There are lessons of wider relevance too though, as the foreword explains. In 2016, Sue Harley, Steve McGrail’s widow, decided to republish his account, following the government’s decision not to hold an inquiry into police brutality at the miners’ picket at Orgreave in 1984. This book is both a tribute to McGrail and a contribution to the continuing struggles for justice that he had supported with such inspiration.

The Polmaise strike had already begun in February 1984, before the strike started elsewhere, in response to closures and restructuring by the Scottish area management of the National Coal Board. Despite the consequent fragmentation, the bonds of loyalty and solidarity had remained strong throughout.

This was an epic struggle.
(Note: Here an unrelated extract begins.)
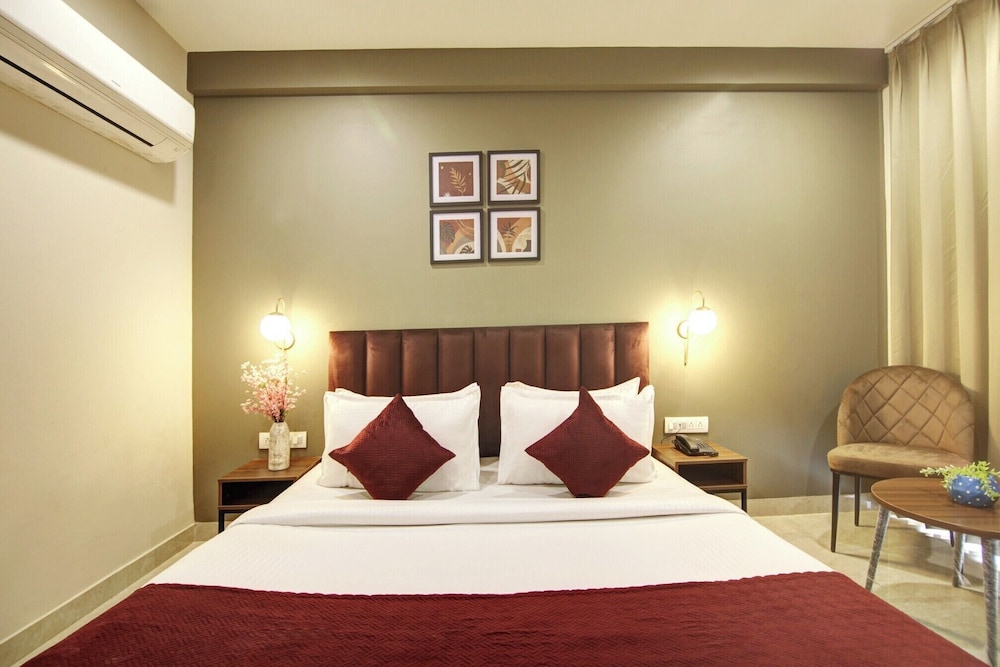 Superior Room with Balcony - Photo 4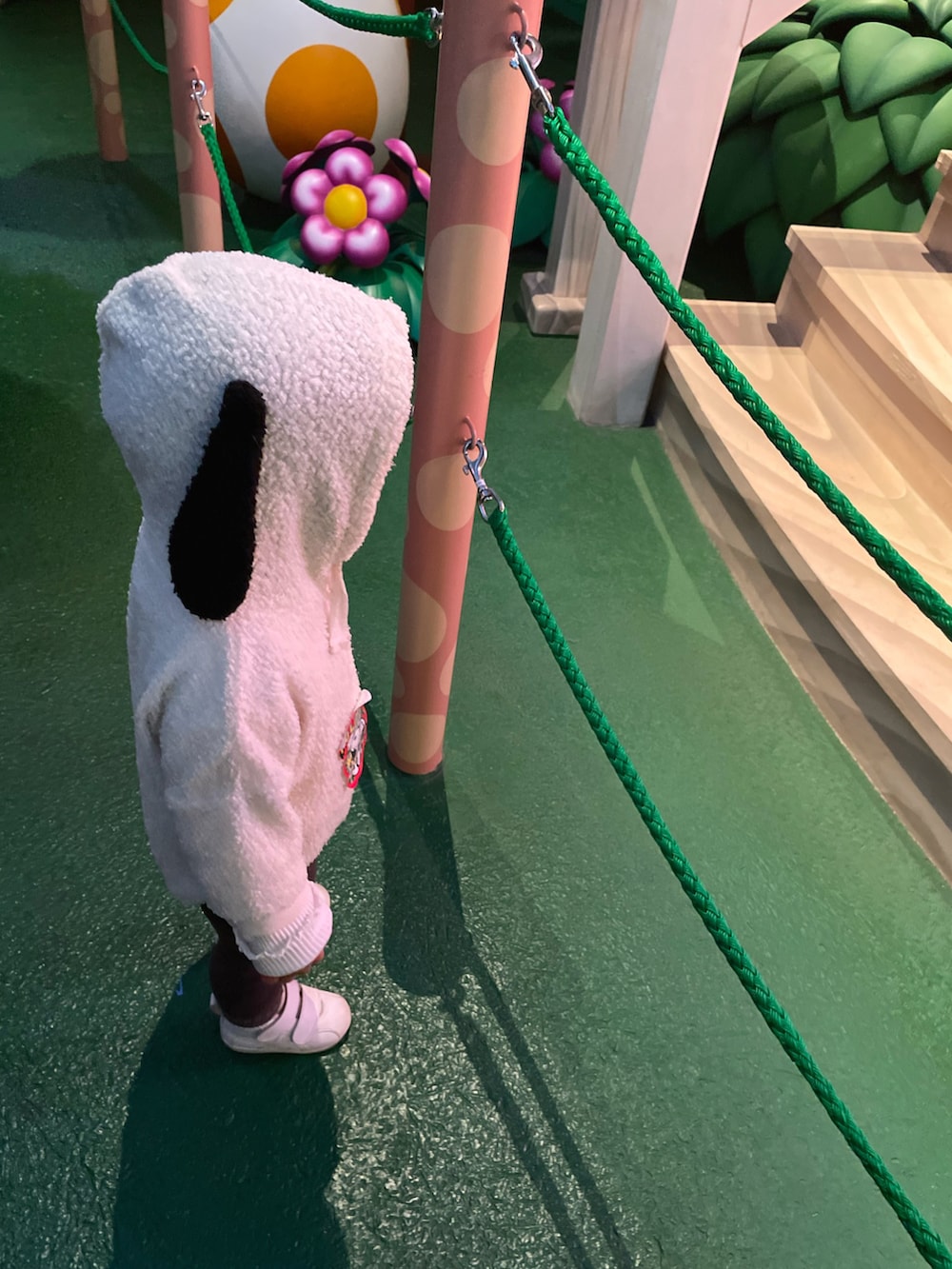 ホワイト系のその他トップス、ホワイト系のスニーカー、ベージュ系のダウンジャケット/コートを着用したキッズの冬コーディネートの2枚目の写真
As activists appreciated only too clearly from the outset, the Thatcher government was determined to break the power of the trade unions via this attack on the miners, whatever the official denials to the contrary. Preparations to beat the strike had been carefully laid beforehand and then backed by the use of the most extraordinary levels of police violence.

The striking miners and their communities learned organisational lessons and they learned about politics and power, the role of the state, the police and the role of a media so biased against the striking miners and so evidently colluding with the state.

These lessons were not necessarily translated into formal political engagements, but they were important lessons all the same. And so were the lessons to be learned about solidarity, as the subsequent interviews with sacked miners also demonstrated.

History comes alive through these stories in what is a very readable book and one with particular relevance in the current political context.